Adakah duka karena musibah melebihi wafatnya seorang ulama saleh? Wafatnya ulama juga diibaratkan sebuah kebocoran yang sulit untuk ditambal. Hal ini mengisyaratkan bahwa perginya ulama merupakan kerugian besar. Jika kapal atau ban yang bocor masih bisa ditambal, namun wafatnya ulama sulit untuk digantikan.
Dalam Kitab Ihya Ulumiddin disebutkan bahwa, “Jika satu ulama wafat, maka ada sebuah lubang dalam Islam yang tak dapat ditambal kecuali oleh generasi penerusnya.” (Ihya Ulumiddin I/15). Wafatnya ulama juga diibaratkan padamnya bintang yang terang. Sehingga dunia menjadi gelap karena hilangnya cahaya penerang.
Wafatnya Ulama adalah Hilangnya Ilmu
Dalam hadis juga disebutkan bahwa wafatnya ulama adalah hilangnya ilmu. Rasulullah ﷺ bersabda:
خُذُوا الْعِلْمَ قَبْلَ أَنْ يَذْهَبَ ” ، قَالُوا : وَكَيْفَ يَذْهَبُ الْعِلْمُ يَا نَبِيَّ اللَّهِ، قَالَ:إِنَّ ذَهَابَ الْعِلْمِ أَنْ يَذْهَبَ حَمَلَتُهُ
“Ambillah (Pelajarilah) ilmu sebelum ilmu pergi! Sahabat bertanya: Wahai Nabiyullah, bagaimana mungkin ilmu bisa pergi (hilang)?” Rasulullah Shallallahu ‘alaihi wa sallam menjawab, “Perginya ilmu adalah dengan perginya (wafatnya) orang-orang yang membawa ilmu (ulama).” (HR. Ad-Darimi, At-Thabrani No 7831 dari Abu Umamah)

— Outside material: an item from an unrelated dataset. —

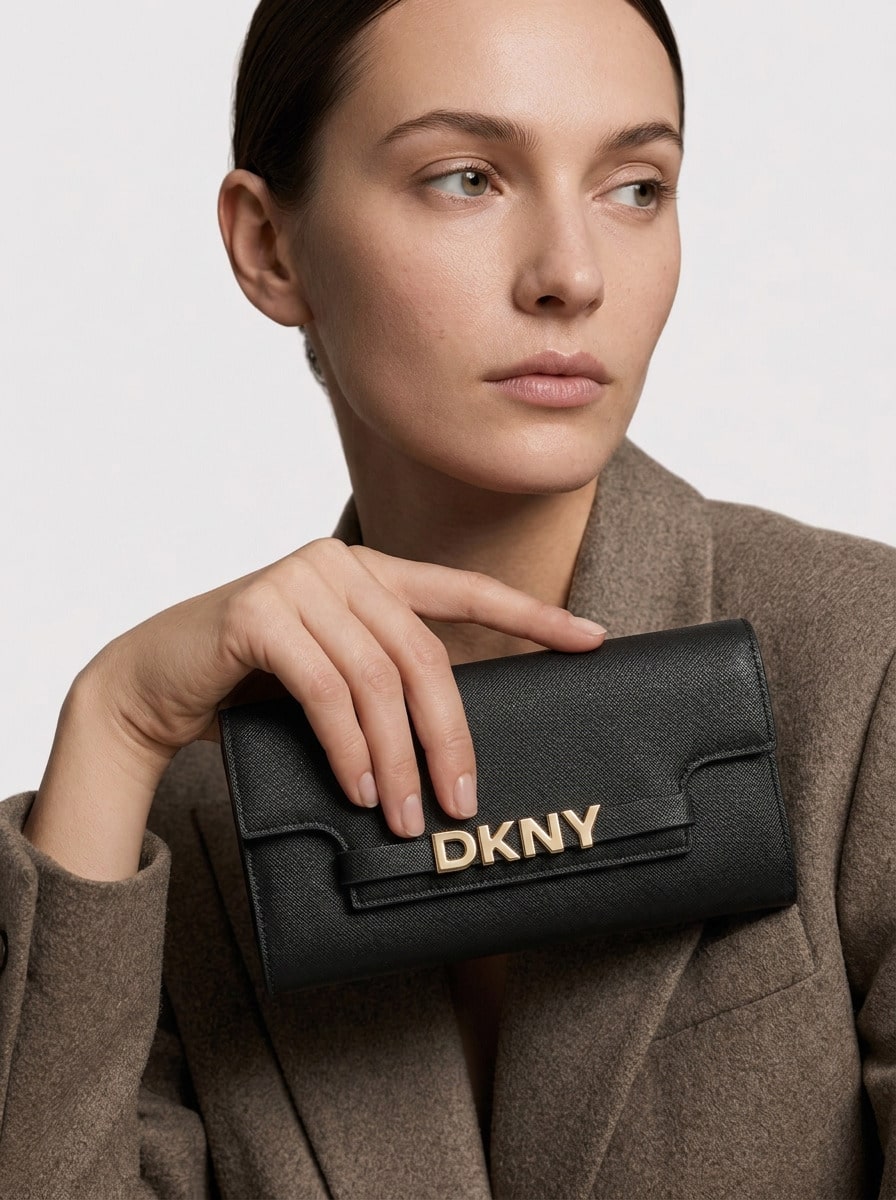 DKNY محفظة نسائية أفريل ذات طيّة مزدوجة باللون الأسود - الأسود - مشاهدة 1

Ketika ulama masih hidup, kita dapat nenuntut ilmu kepada mereka. Ulama adalah penghapus kebodohan kita. Ulama dapat menuntun kita menuju cahaya yang terang benderang dan menjauhkan kita dari gelapnya dunia.
Namun dengan wafatnya mereka, maka hilanglah ilmu. Sebab itu, selagi ulama masih hidup, cintailah mereka, menimbalah ilmu kepada mereka. Sebelum semuanya pergi dan tidak akan Kembali, hingga kita menyesal di kemudian hari.

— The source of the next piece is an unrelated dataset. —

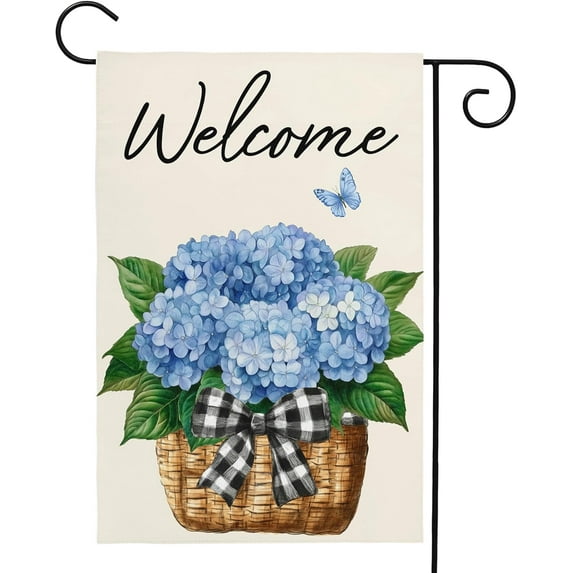 Spring Summer Hydrangea Garden Flag 12x18 Double Standerd Welcome Spring Garden Flags for Outside Vertical Farmhouse Holiday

Wafatnya seorang ulama adalah hilangnya ilmu. Dalam hadis shahih disebutkan:
إن الله لا يقبض العلم انتزاعا ينتزعه من الناس ، ولكن يقبض العلم بقبض العلماء حتى إذا لم يترك عالما اتخذ الناس رءوسا جهالا فسئلوا فأفتوا بغير علم فضلوا وأضلوا
“Sesungguhnya Allah tidak mencabut ilmu dari hambanya, tetapi mencabut ilmu dengan mencabut para ulama. Sehingga ketika Allah tidak menyisakan satu ulama, maka manusia mengangkat pemimpin-pemimpin bodoh, mereka ditanya kemudian memberi fatwa tanpa ilmu, maka mereka sesat dan menyesatkan.” (HR. Al-Bukhari No 100)
Ulama Wafat, Lebih Dicintai Iblis daripada Meninggalnya 70 Ahli Ibadah
Menurut Imam Baihaqi dari hadis Ma’ruf bin Kharbudz, dari Abu Ja’far ra. berkata, “Wafatnya ulama lebih dicintai iblis dari pada kematian 70 orang ahli Ibadah.”

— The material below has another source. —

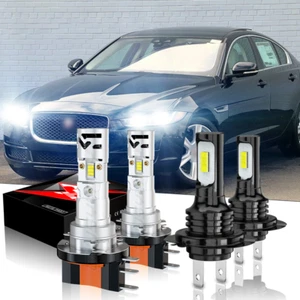 4x H15+H7 Combo LED Headlight Kit High Low Beam Fit Jaguar XE 2017-2018 2019 - Foto 1 di 13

Mengapa Iblis lebih suka ulama yang meninggal, daripada 70 orang ahli badah yang meninggal? Karena ulama adalah sumber ilmu. Ulama dapat melahirkan orang-orang yang saleh.
Namun sebaliknya, orang yang ahli dalam ibadah belum tentu menjadi sumber ilmu dan dapat melahirkan orang-orang yang saleh. Sebagaimana yang telah disebutkan di atas, bahwa wafatnya ulama adalah hilangnya ilmu. Wafatnya ulama adalah dicabutnya ilmu.
Ulama adalah bagaikan bintang yang menjadi penerang. Sehingga iblis digambarkan senang dengan meninggalnya ulama, karena dunia akan menjadi gelap dan suram.
Kiranya tepat jika kemudian Rasulullah ﷺ bersabda: “…meninggalnya satu suku lebih mudah bagi saya daripada meninggalnya satu orang ulama.” Hadis ini menegaskan bahwa wafatnya ulama meninggalkan duka mendalam dan kerugian yang besar.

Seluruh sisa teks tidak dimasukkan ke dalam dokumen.